The reason they can ‘safely’ do this it is because they collect data from the users but not their direct input in whether the result was to be penalized or rewarded. An example of application getting direct input from the user to keep learning would be a chatbot that guesses something and asks if that guess was correct. This could be easily tricked by dishonest users.

Applications that keep learning are much trickier to test, even functionally, as if we pass wrong inputs to test, they will learn wrong. If I had to test one of these, I would use a copy of the state of each iteration we would like to test in an isolated environment, so we don’t break the acquired good learning. For performance testing it would be best to use valid data, to ensure the learning process continues well.

If anybody is concerned about AI gaining consciousness, this type of applications would be the problematic one, as they could be learning things we are not aware of depending on the power that the programmer and the user gave them and the data they are able to collect. This brings up the question: Should testers be responsible to test consciousness?

Unsupervised learning examples

The key of these applications is to discover relationships on the data without direct penalization or reward. They are very useful when we are not sure of what the output should be, and to discover things that we would not naturally think of being related.

There are two types: Clustering (when the system discovers groupings in data) and association (for discovering rules describing data). I won’t go deep on them in this post, as it is a lot of information as it is.

Tailored content-advertising (Amazon, Netflix, Google…)

These apps want to be able to predict what the customers that bought something would be interested on next. In fact, digital personal assistance tools could also use this data to help you find what you want (that’s why I mentioned before they should be classified as ‘semi-supervised’ learning). I cannot think of any ways of testing this except checking on the impact on the sales after the application is in place, but this could potentially be subjective to chance or other factors not related with the application itself.
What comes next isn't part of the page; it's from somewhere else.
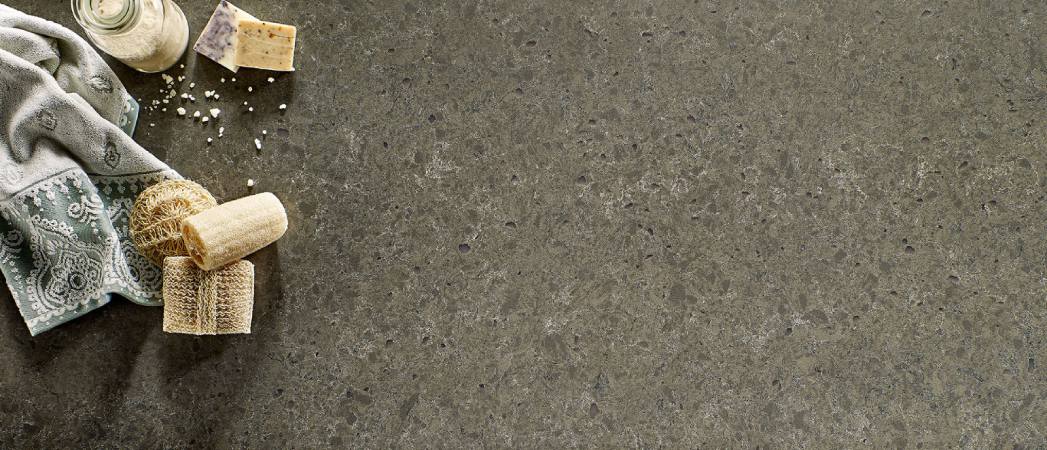 babylon grey quartz supplier babylon grey quartz supplier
Apart from that, the test of the application should be the same as we already do with non-AI applications (not just the results, but how the user inputs the data and how the application responds and shows back the data…) Imagine this as a feature of a bigger product, all the other features would also need to be tested as well.

The moral impact of these applications, in my opinion, is that at some point they might be telling you (as a user) what you want, even before you know you wanted it.
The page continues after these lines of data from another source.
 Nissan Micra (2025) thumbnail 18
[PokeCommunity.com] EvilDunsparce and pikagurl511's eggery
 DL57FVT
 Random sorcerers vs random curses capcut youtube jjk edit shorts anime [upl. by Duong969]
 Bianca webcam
What could possibly go wrong?

What should we be careful about in AI that might not need so much attention in other  apps?

Things could go very wrong if we leave apps learning constantly and we leave the users to provide the penalization or rewards. You probably have heard of applications such as image recognition systems and chatbots becoming racists and sexists. Sometimes this is because the test data given to the application is biased, but it could also be because of trolls playing around with the application in unexpected ways and giving rewards when the application is wrong.
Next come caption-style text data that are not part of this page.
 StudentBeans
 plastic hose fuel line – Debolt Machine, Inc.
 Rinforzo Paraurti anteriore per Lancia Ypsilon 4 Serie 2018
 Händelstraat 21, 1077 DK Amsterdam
Also leaving apps learning on their own is not the best idea, as we do not control what they are actually learning, as mentioned before.

If you are interested, I found an article with some more examples of issues with AI applications here.

What else have you got?

Below is a list of readings that I found very interesting while researching for this post (a couple of the links are about video games and AI):

How “hello neighbor” game’s AI works

AI predicting coding mistakes before developers make them

Examples of AI

Game examples of AI

How would you test these applications?

What do you think about the moral connotations?

If used well, AI could be harmless and powerful. In fact, it could also be a good tool that we could use for automating our testing, but that’s…well…another story.